Does a musician need perfect pitch?If yes, why?
I have the supercourse and I have used it, then quit, now slowly starting to practise it again and will do so throughout the summer. Right now I can faintly tell differences between pitch colours, but it depends of the octave... Try it, I have read plenty of posts by people who have benefitted from it. By the way try searching these forums..
I have a friend who quite regulary uses her perfect pitch. Unfortunately it is confusing for her to accompany transposing instruments (Clarinet, Trumpet, Fr. Horn, etc.) because the note she sees on the score is not the note she hears. An example of a disadvantage of perfect pitch, or at least the inablillity to control it.
is there some here who has perfect (absolute) pitch? how is it?
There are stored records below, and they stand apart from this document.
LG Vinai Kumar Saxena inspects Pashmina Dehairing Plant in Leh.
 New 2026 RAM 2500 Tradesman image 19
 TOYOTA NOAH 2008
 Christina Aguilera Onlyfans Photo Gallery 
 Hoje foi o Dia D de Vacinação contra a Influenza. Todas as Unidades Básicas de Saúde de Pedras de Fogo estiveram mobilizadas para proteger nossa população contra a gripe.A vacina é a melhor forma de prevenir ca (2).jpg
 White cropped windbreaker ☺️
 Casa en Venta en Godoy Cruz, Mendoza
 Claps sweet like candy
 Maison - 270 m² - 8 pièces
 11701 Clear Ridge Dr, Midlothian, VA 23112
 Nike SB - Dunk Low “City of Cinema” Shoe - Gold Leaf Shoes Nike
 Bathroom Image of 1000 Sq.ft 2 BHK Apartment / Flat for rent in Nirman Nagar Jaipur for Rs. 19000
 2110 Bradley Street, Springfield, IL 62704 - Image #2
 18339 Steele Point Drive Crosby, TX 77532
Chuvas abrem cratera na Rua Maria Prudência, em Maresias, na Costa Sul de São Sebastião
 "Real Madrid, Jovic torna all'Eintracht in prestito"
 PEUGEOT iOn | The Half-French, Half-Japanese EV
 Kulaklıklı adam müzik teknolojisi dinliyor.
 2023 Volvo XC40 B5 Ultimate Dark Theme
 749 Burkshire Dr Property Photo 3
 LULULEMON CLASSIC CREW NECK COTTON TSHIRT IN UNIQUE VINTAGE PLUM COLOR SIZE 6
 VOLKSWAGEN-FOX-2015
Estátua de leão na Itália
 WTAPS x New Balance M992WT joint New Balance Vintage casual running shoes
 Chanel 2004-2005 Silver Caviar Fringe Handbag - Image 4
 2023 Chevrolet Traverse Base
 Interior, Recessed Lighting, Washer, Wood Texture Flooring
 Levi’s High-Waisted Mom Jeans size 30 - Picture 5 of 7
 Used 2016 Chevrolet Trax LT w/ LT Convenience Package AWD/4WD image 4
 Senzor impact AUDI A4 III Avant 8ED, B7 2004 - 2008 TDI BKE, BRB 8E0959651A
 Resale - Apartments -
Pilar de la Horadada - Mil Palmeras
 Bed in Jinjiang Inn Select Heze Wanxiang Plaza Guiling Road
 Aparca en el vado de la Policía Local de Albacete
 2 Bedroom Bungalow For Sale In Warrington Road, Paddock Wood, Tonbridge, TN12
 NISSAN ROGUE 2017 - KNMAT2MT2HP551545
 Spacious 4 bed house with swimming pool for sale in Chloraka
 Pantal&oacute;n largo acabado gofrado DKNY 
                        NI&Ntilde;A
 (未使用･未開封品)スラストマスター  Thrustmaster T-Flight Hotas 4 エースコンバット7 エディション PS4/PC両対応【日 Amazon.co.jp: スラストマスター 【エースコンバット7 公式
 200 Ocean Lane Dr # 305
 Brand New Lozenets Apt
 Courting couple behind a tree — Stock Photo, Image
um I'm not buying this "perfect pitch" stuff. So today instruments are tuned at 440Hz. That means if you brought Mozart, Bach, Beethoven to a modern day piano they wouldn't have perfect pitch. Tuning your ears to 440Hz is the dumbest idea I've ever heard.For example, if someone claims to have "perfect pitch" and I tuned a piano to 410 Hz they wouldn't be able to know any notes because the definition of their perfect pitch relies on a 440Hz instrument.Do you know that 440Hz is COMPLETELY an arbitrary number?